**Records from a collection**

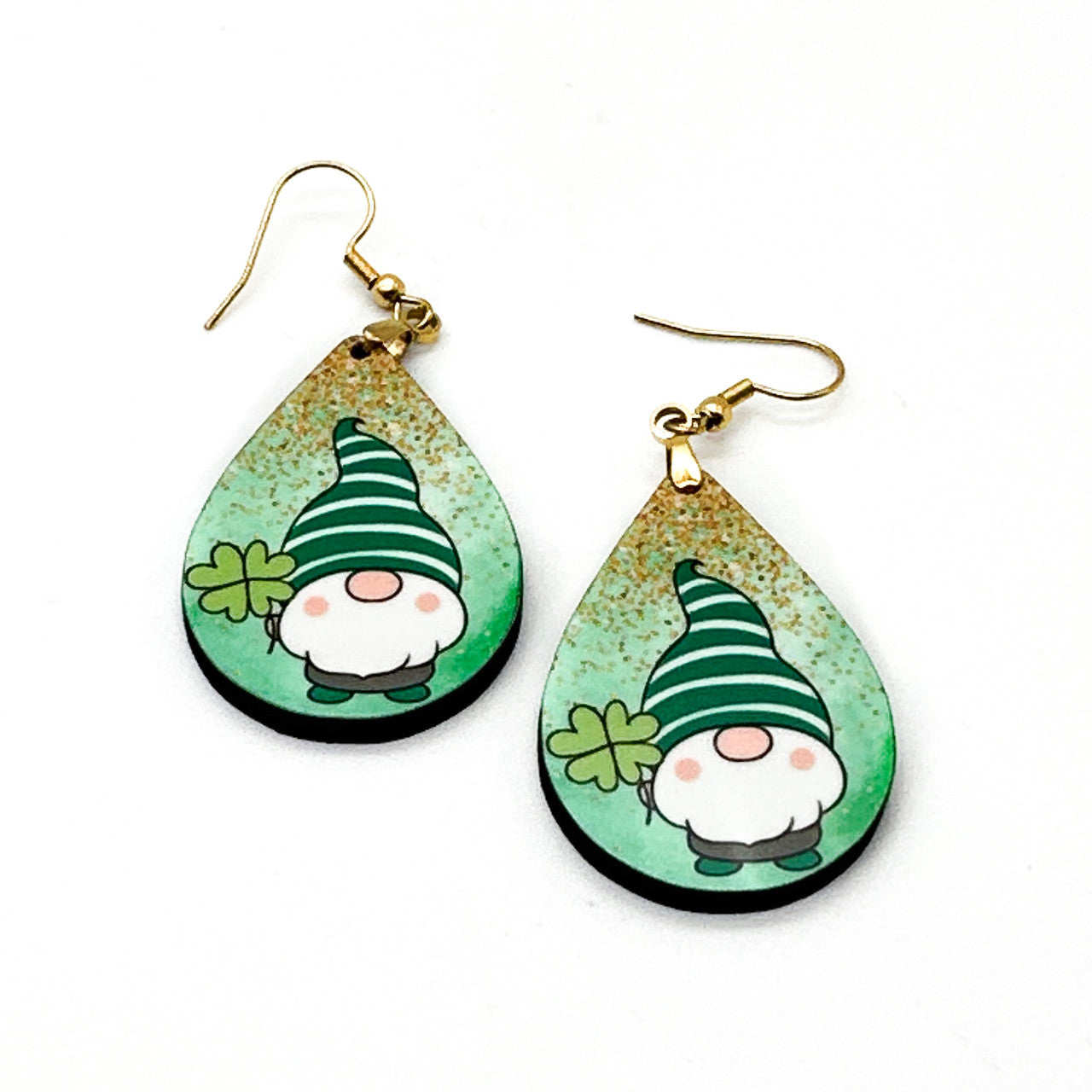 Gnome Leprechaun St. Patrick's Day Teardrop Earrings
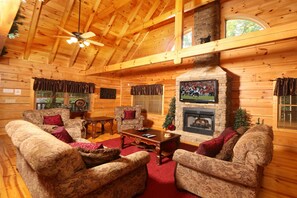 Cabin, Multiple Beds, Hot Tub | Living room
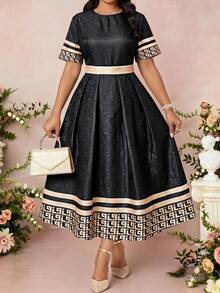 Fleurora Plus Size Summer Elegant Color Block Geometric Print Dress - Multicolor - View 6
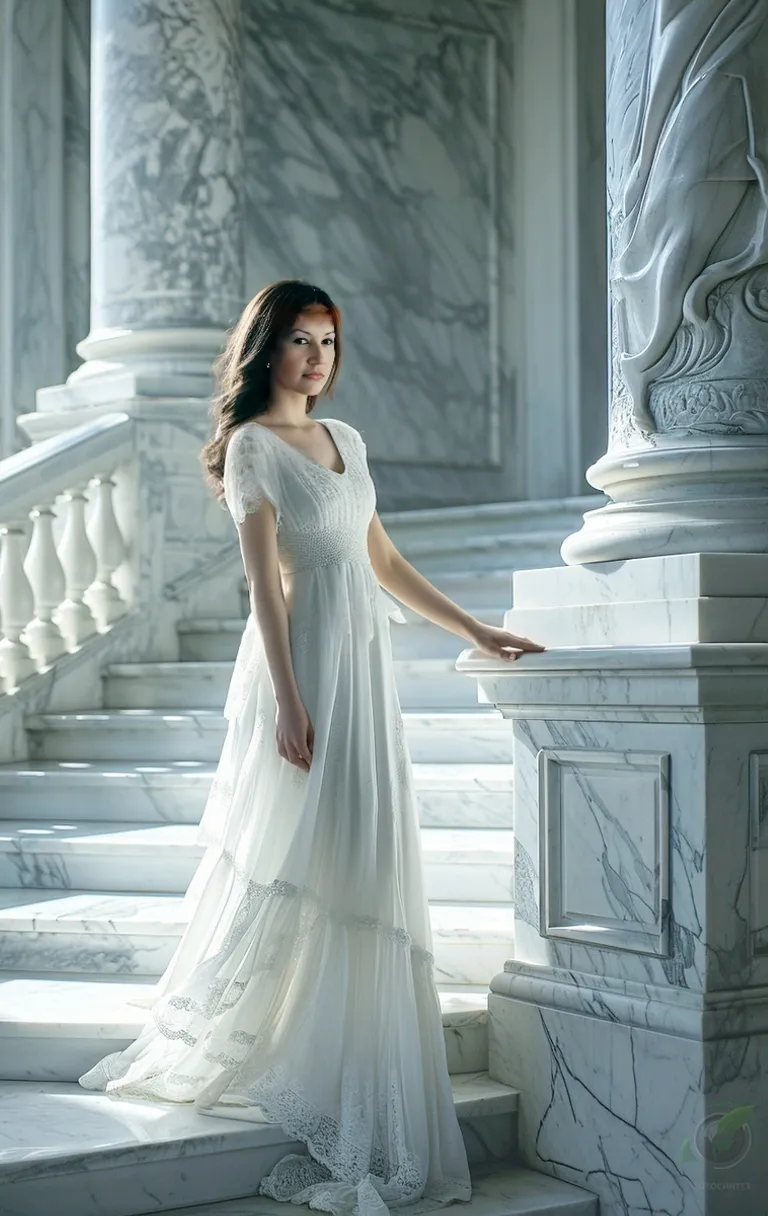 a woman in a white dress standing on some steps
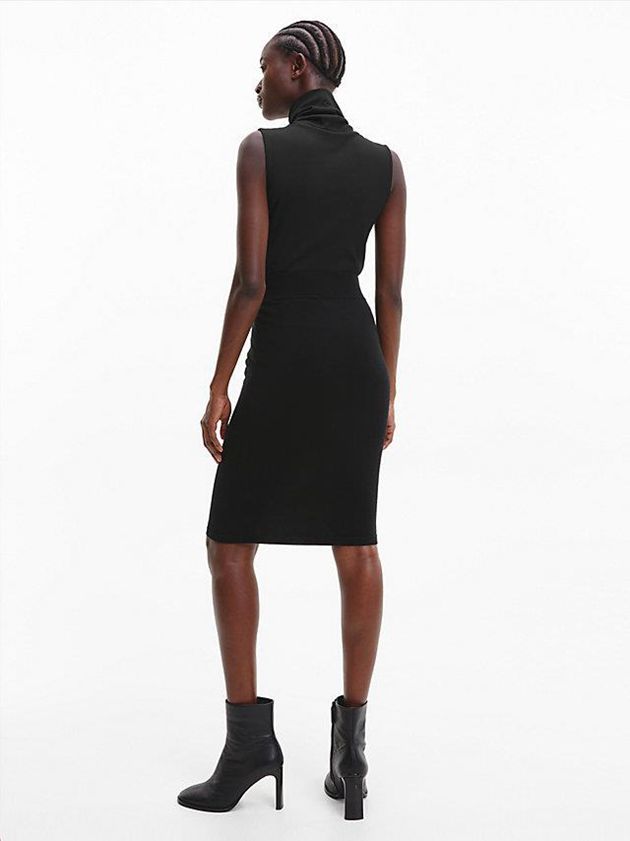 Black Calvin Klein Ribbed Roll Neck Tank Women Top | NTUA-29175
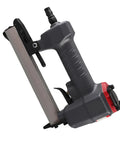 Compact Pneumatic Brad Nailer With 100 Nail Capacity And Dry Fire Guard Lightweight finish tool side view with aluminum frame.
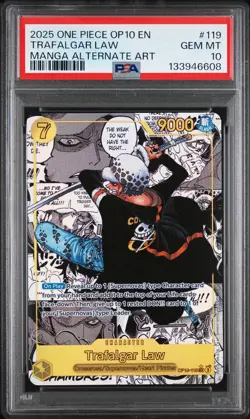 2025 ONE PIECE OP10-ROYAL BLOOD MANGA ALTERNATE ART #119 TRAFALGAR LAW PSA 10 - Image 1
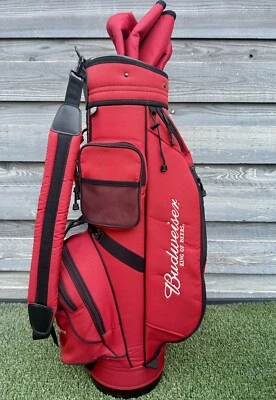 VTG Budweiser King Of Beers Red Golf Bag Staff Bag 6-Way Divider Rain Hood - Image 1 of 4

**Exercise objective**
Print only the lines running from the one containing "Compact Pneumatic Brad" to the end of the data above, exactly; include no pictures.

**Expected output**
 Compact Pneumatic Brad Nailer With 100 Nail Capacity And Dry Fire Guard Lightweight finish tool side view with aluminum frame.
 2025 ONE PIECE OP10-ROYAL BLOOD MANGA ALTERNATE ART #119 TRAFALGAR LAW PSA 10 - Image 1
 VTG Budweiser King Of Beers Red Golf Bag Staff Bag 6-Way Divider Rain Hood - Image 1 of 4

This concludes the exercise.